WHAT TO WORK ON: Beginning with the line below that contains "Avo toast = healthy + yummy!" and ending with the line that contains "NEW Unused 2018", retype every line exactly. Pictures are not copied.
START PROVIDED RECORDS
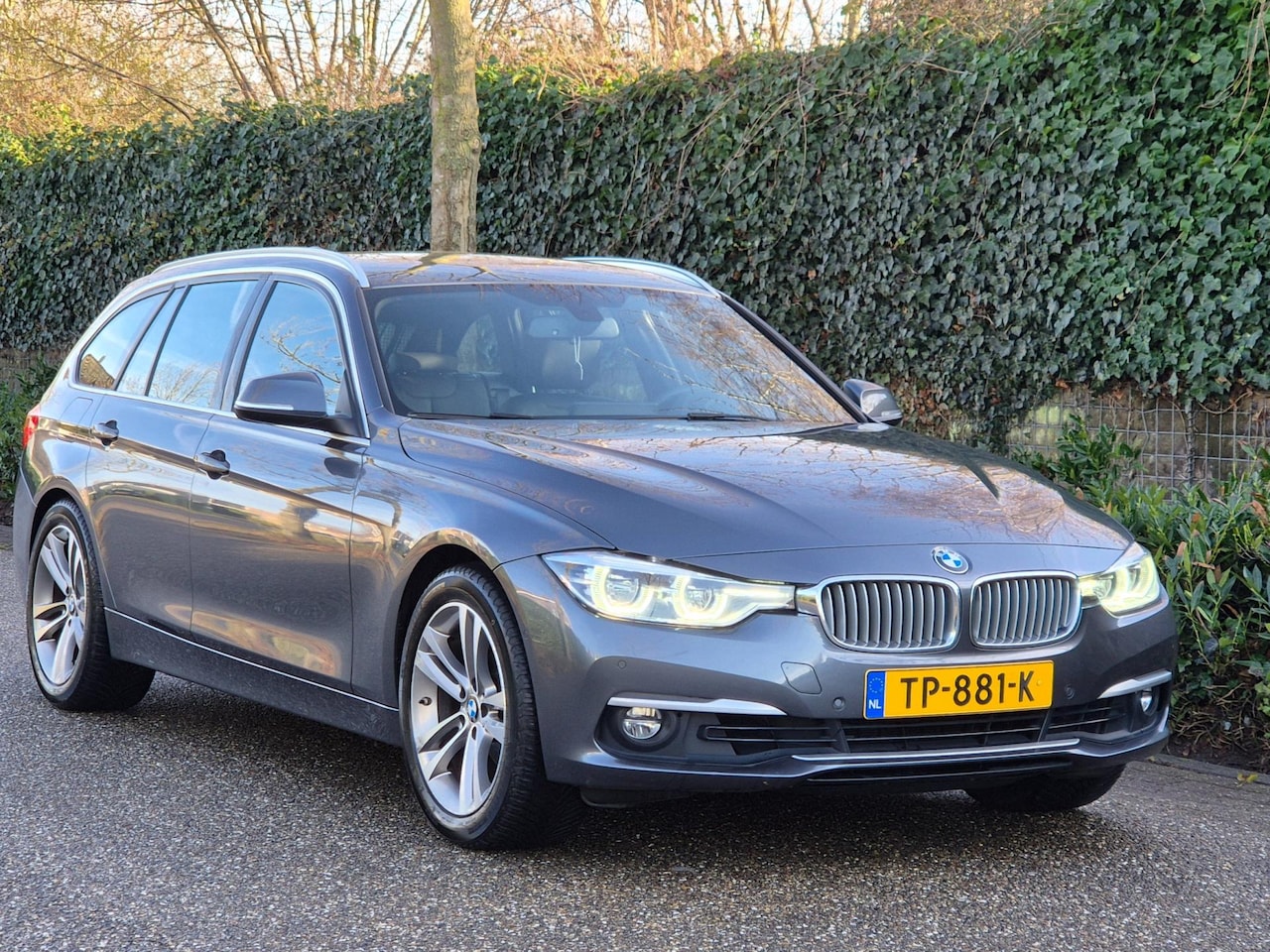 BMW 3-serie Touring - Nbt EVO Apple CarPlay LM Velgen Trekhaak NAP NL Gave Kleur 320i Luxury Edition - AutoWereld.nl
END PROVIDED RECORDS
START PROVIDED RECORDS
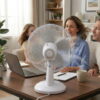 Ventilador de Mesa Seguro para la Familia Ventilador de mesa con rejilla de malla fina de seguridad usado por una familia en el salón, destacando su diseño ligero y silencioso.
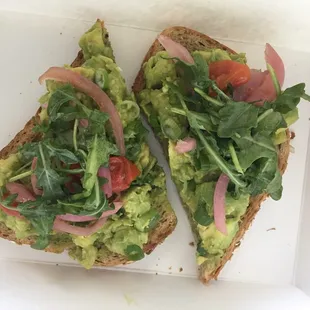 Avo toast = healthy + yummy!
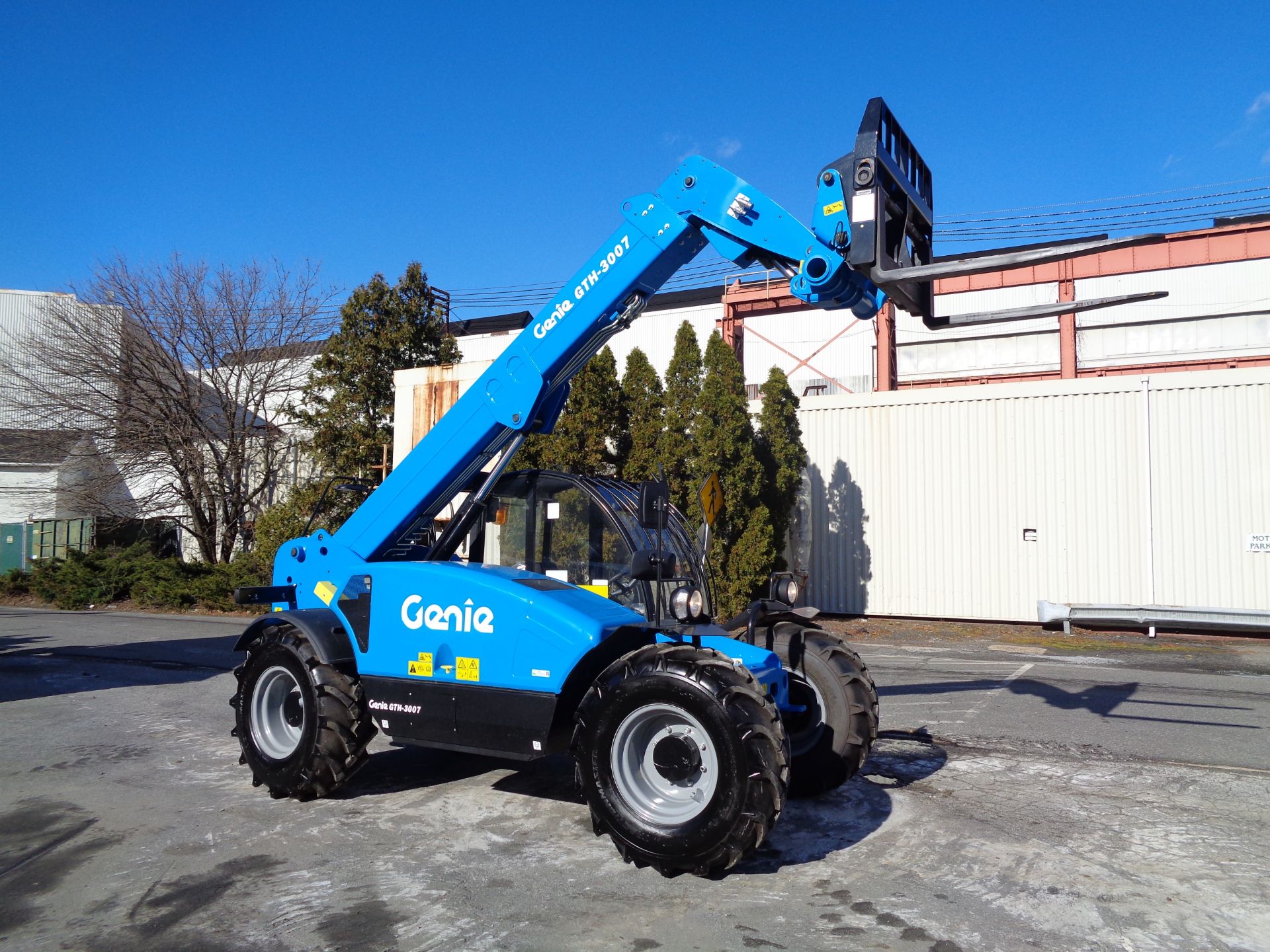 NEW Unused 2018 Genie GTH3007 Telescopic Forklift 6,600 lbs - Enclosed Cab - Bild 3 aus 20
END PROVIDED RECORDS
EXERCISE RESPONSE:
 Avo toast = healthy + yummy!
 NEW Unused 2018 Genie GTH3007 Telescopic Forklift 6,600 lbs - Enclosed Cab - Bild 3 aus 20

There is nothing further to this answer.